Your objective: Starting at the line with "Wallity Nástěnné hodiny Rasta 30 cm barevné" and ending at the line with "Boys & Girls", print exactly the lines of the entries below. Pictures do not belong in the copy.

Input:
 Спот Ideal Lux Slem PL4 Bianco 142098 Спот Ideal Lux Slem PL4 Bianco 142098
* * *
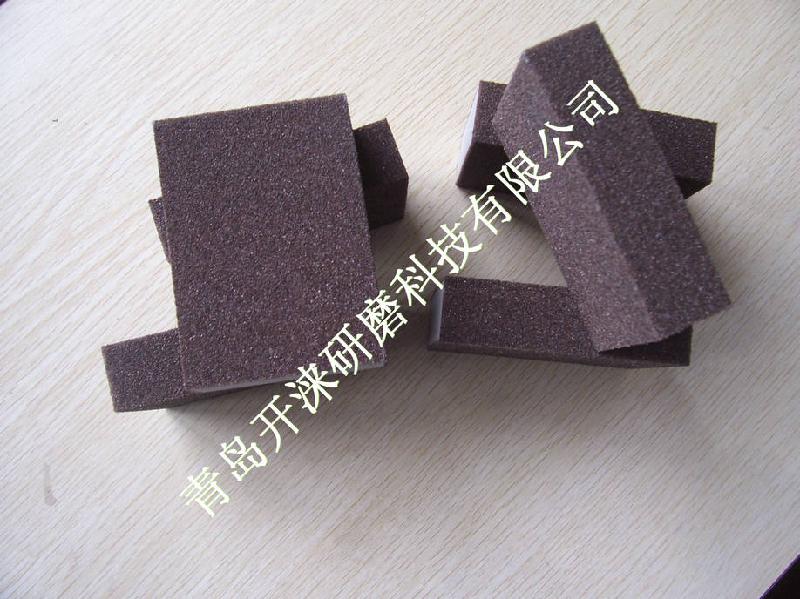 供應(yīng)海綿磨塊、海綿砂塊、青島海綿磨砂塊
==
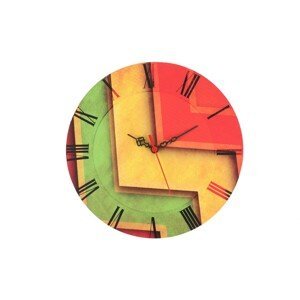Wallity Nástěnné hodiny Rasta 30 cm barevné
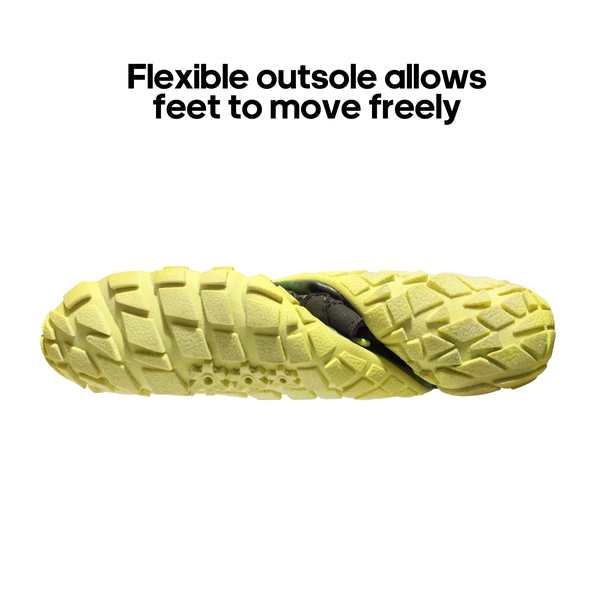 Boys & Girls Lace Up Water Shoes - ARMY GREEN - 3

Task response:
Wallity Nástěnné hodiny Rasta 30 cm barevné
 Boys & Girls Lace Up Water Shoes - ARMY GREEN - 3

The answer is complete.